The presence of Brady, who memorialized the events on a dozen plates, had turned an ordinary occurrence into one of those artificial moments of history. It was the beginning of Atwater's notoriety, and the end of his normal life. Sixteen years was a long time. But the past just wouldn't go away.

Kinkaid was watching him closely. “That is you, ain't it?”

“What if I say it is?”

“Whether you do or don't say don't make any difference. It's you, and we both know it. I knew you looked familiar. I just couldn't place it. So I passed the word. A friend down in Denver dug this up and sent it to me.”

That explained why Kinkaid hadn't been around, Morgan thought. He had been waiting for the picture to arrive. He looked at Kinkaid, trying to read the man's mind. But he hadn't a clue. He said, “What about it?”

“Oh, come on, Atwater. It ain't every day a man gets to look a legend in the eye. And you're that, alright, a bonafide legend of the frontier. Least, that's what the story that comes with this here picture says. Now, ain't that something?”

“I wouldn't know.”

“I'll bet you wouldn't.”

“Marshal, I have some work to do, so if you don't mind . . .”

“Work, is it? What kind of work is this for a bonafidee legend? Storekeeper.” Kinkaid shook his head as if he couldn't imagine a more precipitous descent from the heights of glory. “Well, since that's the line of work you're in now, you mind sellin' me something?”

“If we have it, of course.”

“Oh, you have it, alright.”

“What is it?”

“A box of Remington Arms .45 caliber cartridges. I know you got 'em, 'cause I buy 'em here all the time. One dollar and fifteen cents. Know it by heart.” He tossed a handful of coins on the table and laughed when two skidded off the edge and clunked down behind it. “It's Friday, you know? Gonna need them shells. I can just tell. Always use a lot of ammunition on the weekend. But then, you already know about that, don't you? Bet you used to go through a box or two ever' weekend. Before you was a storekeeper, I mean.”

Morgan ignored the baiting, turned to the shelves behind him, and found the ammunition. He hefted the dead weight in his hand, so much heavier than one would expect a small pasteboard box to be, then took a deep breath.

He turned back and set it on the counter with a heavy thump. “Anything else?”

“Seems like you pretty anxious to get rid of me, Morgan. You mind if I call you Morgan. I mean, I never been on a first name basis with a legend before. It'd make my mama proud.”

“I'll bet she's already proud, Mr. Kinkaid.”

The marshal didn't much like the tone, but he didn't know how to object, so he let it slide. “You do much shooting anymore, Morgan? You still lightning quick? Says in the paper you could hit a silver dollar at thirty yards. That right? Can you still do that?”

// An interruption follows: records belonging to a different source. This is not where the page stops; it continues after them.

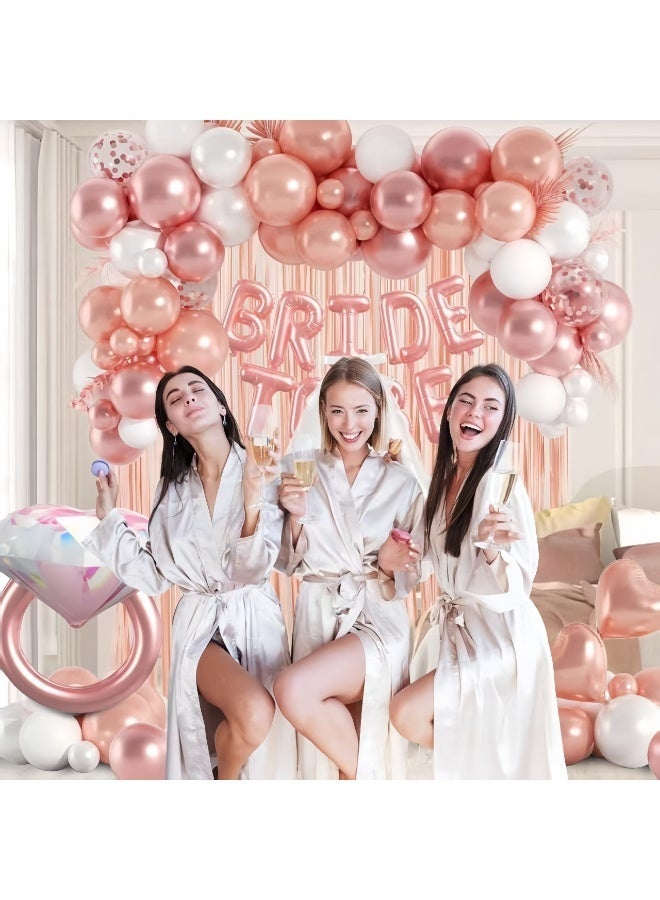 عالم البالونات مجموعة من 89 لافتة زينة للعروس باللون الذهبي الوردي، وخلفية مزينة بشراشيب، وبالونات احتفالية برسالة بخط اليد، وحفلات زفاف رومانسية، وحفلات خطوبة بمناسبة الذكرى السنوية - Image 5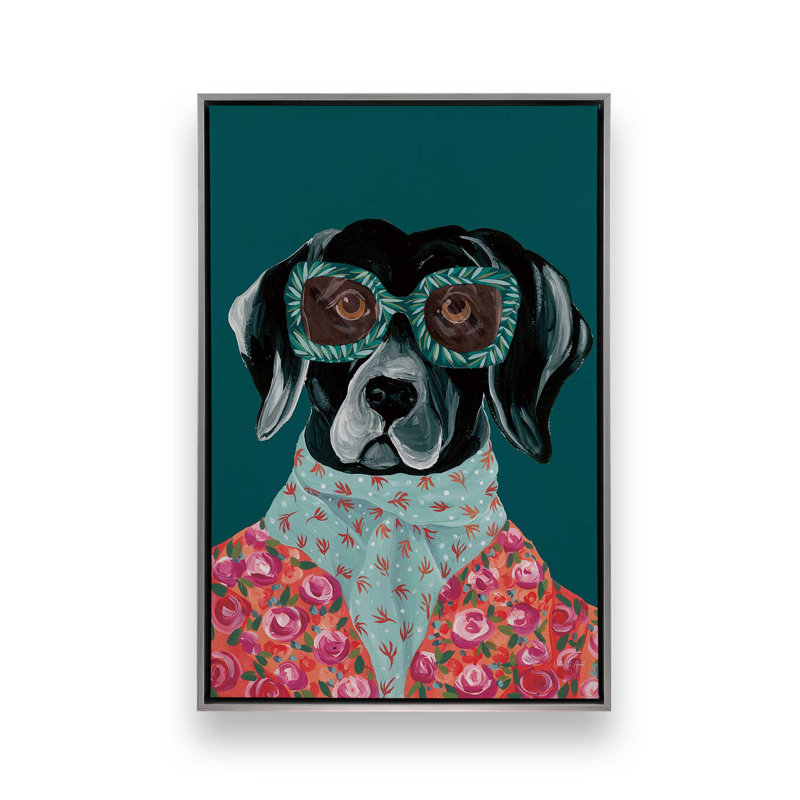 «Dashing Labrador» par Yvette St. Amant, reproduction d'art, Argent argent, Cadre flottant, H 16 po x l 12 po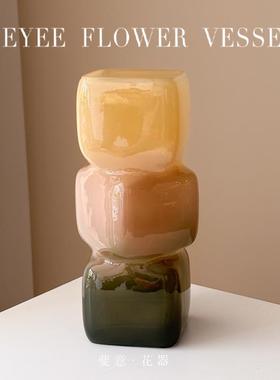 FEYEE·斐意小众设计感琉璃方口花瓶水养鲜花绿色玻璃花器摆件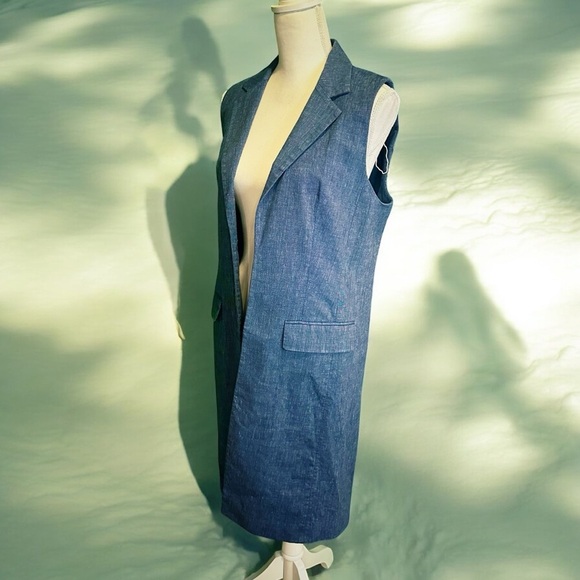 MICHAEL Michael Kors Linen-Blend Collared Longline Vest in Indigo Blue Size 6 - Picture 4 of 12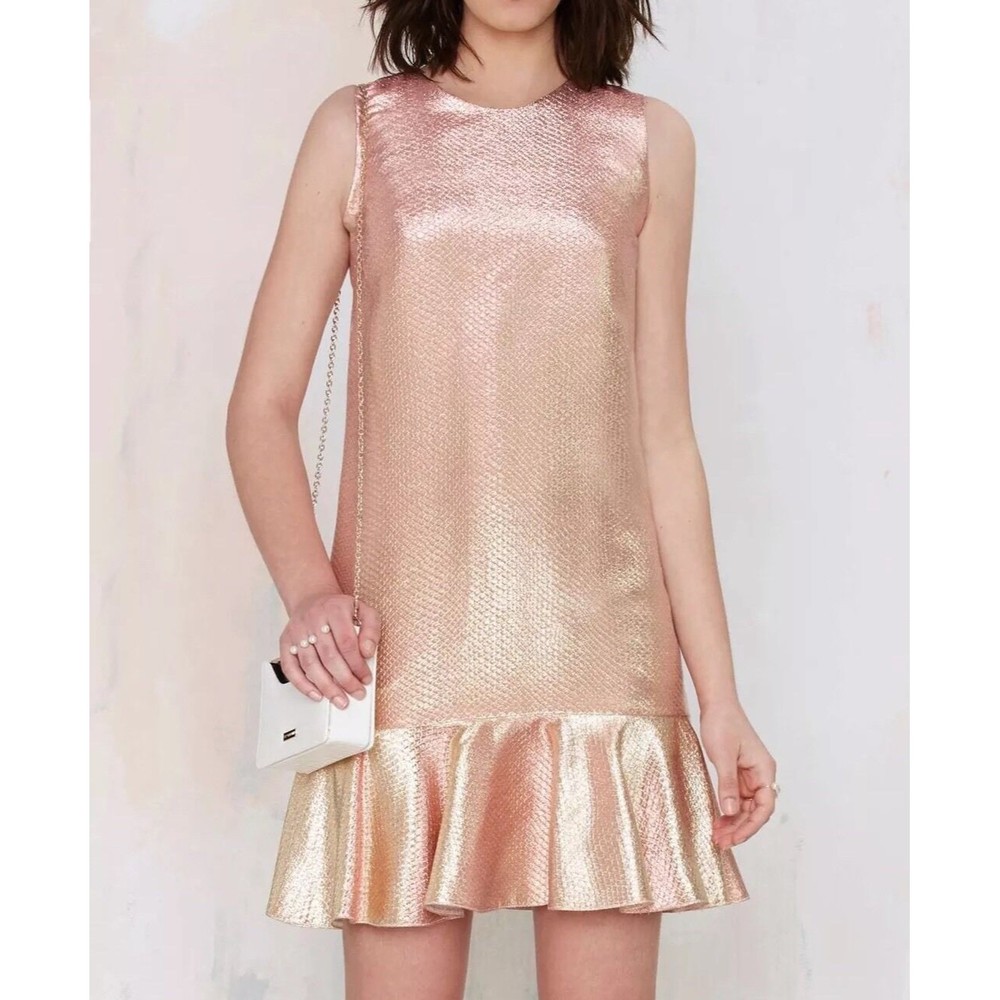 Rose Gold Ruffled Mini Mermaid Dress Metallic Sparkle Vintage Formal Sleeveless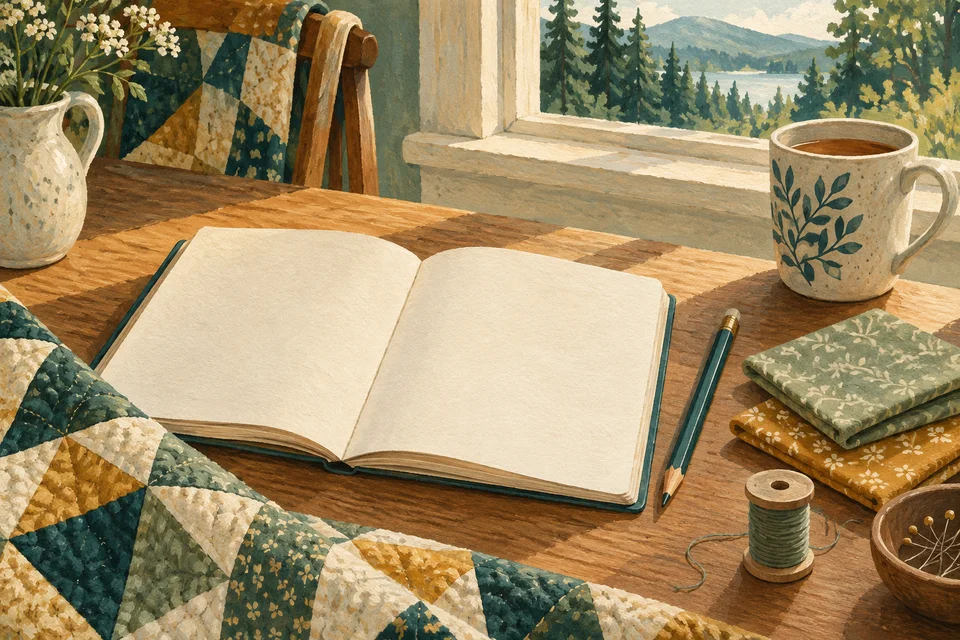 A pencil and blank notebook rest beside fabric squares, a spool of thread and the edge of a patchwork quilt.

Morgan didn't say anything. Kinkaid tapped the box of bullets. “Be back next Monday for another box. You ain't got 'em in stock, you tell Lyle I said to get some more in.”

“I'll do that, Marshal.”

Kinkaid started for the door, then stopped. He turned back a half step. “Listen, maybe you and me could have a contest. See who's the better shot. What do you say? Could be fun.”

“I don't think so.”

“Oh, I do. I surely do.” He flipped a casual salute, touching the brim of his hat with extended fingers, and left.

Morgan ran a hand over his chin. He knew it might come to this, but not so soon. He cursed the past that followed him like a foal followed a mare. Then, knowing there wasn't anything much he could do that he hadn't already done, he looked back at the shelf. Six boxes of .45 shells were still there.

Morgan walked to the window after Kinkaid left. He tried to stay out of sight. Part of him wanted to rip through the door and call Kinkaid out right then, but he knew it was the wrong thing to do. If he was going to change his life, he would have to learn to control himself. Kinkaids were two bits a gross, and he couldn't kill them all. No matter how much he wanted to.

Then, as if he'd known all along that Morgan was watching him, the marshal turned and flipped another salute toward the store window. Even in the bright sunlight washing out his features, the broad grin was unmistakable. Morgan clenched his fist and slammed it into the window frame. He didn't even feel it.

He fished in his pocket, put a dollar fifteen in the till, and grabbed a box. He had a feeling he was going to need them.